At 66, I am humbled by all the ways in which I still fumble, stumble, and struggle while simultaneously celebrating accomplishments and finding meaning through connections with others. I honor and enjoy sharing stories and building connections and relationships with family, friends, community, coworkers, and callers, and I feel blessed to do so.

At Pathways and on the Vermont Support Line, I love that we get to be authentic, hired to be exactly who we each are, that our lived experiences matter, and that many of us heal, learn, and grow best in community. I have been an operator on our Vermont Support Line team for nine of its eleven years.

My role as an operator on VSL is to offer support to callers, coworkers, and supervisors as best I can. Using Intentional Peer Support principles, I listen with curiosity for untold stories of callers, honoring each person as the expert in their own lived experiences, exploring connections, building relationships, and exploring mutuality and worldviews. We practice non-judgmental conversations, sometimes sitting in discomfort and taking risks.

I am on the second shift, 3 pm – 11 pm, and recently became a level two staff member. My responsibilities include co-facilitating VSL second shift team meetings, co-facilitating co-reflections, interviewing and training new operators and per diem staff, being on call, sharing mission moments, and demonstrating role play using Intentional Peer Support principles. Additionally, I am on two steering committees: Suicide: Philosophy, Care & Support, and Hiring, Retention & Wellness.
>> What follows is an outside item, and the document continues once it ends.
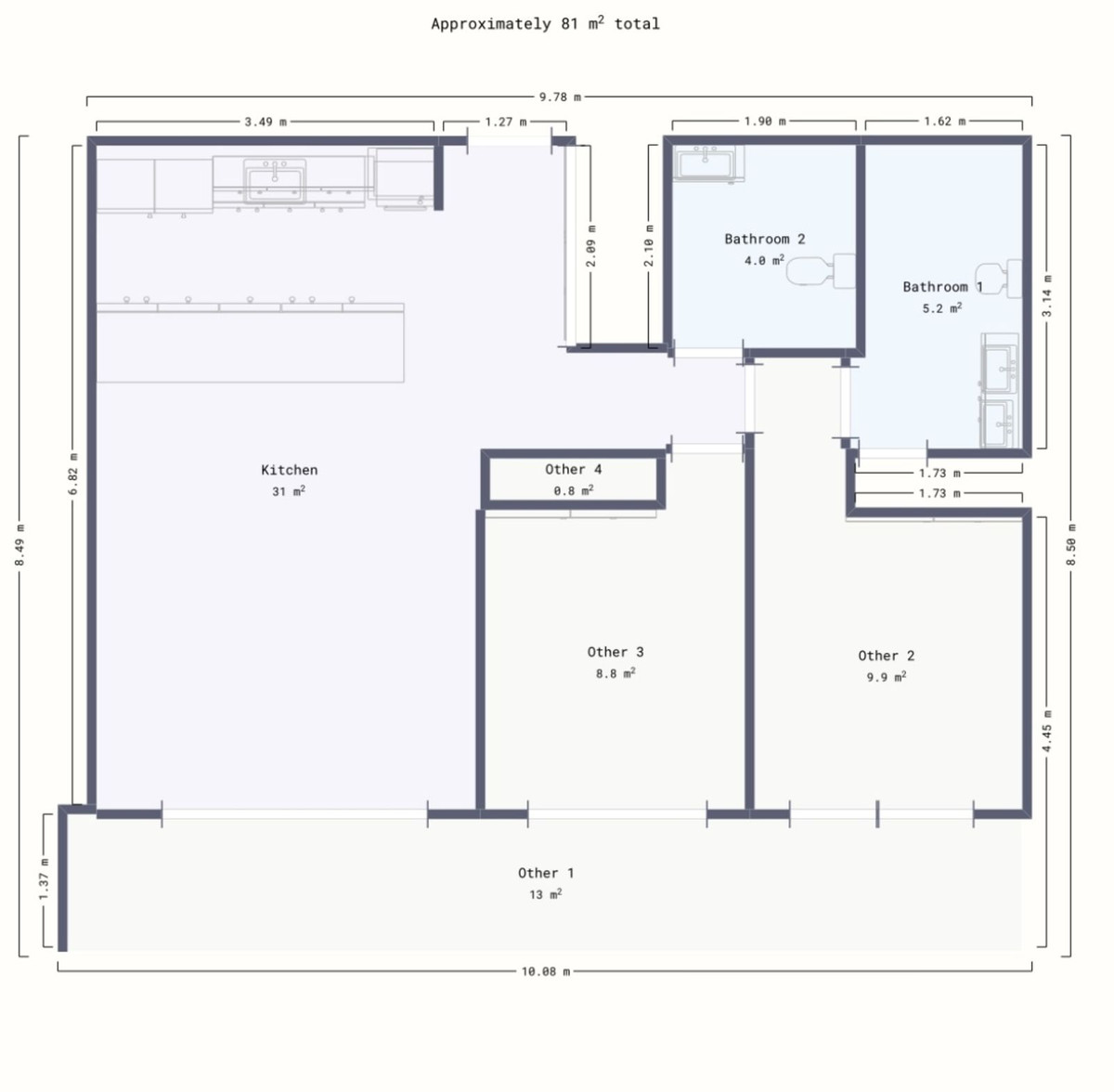 2 Bed Apartment for sale in Fuengirola Costa Del Sol, Málaga, Spain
Pathways’ mission to end homelessness and offer innovative alternatives to mental health inspires me every day. I have personally and professionally grown with our trainings in Mad History, Harm Reduction, Hearing Voices, Alternatives to Suicide, and many others. I co-created the 2023 VSL Staff Retreat. I flew to Washington, DC, with a coworker, representing Pathways at the 2019 Alternatives Conference, and attended the 2021 online Alternatives Conference, meeting individuals and groups working within the peer support movements across the country, including several I am still in touch with.

As an artist, an early drawing of mine, “JOY,” was featured on the 2023 Pathways holiday card sent to the Pathways community. I have also shown my art at several Pathways Vermont events. Many of my drawings were created while supporting Vermonters on the Vermont Support Line, and I cherish that this spirit of support may thrive within each one.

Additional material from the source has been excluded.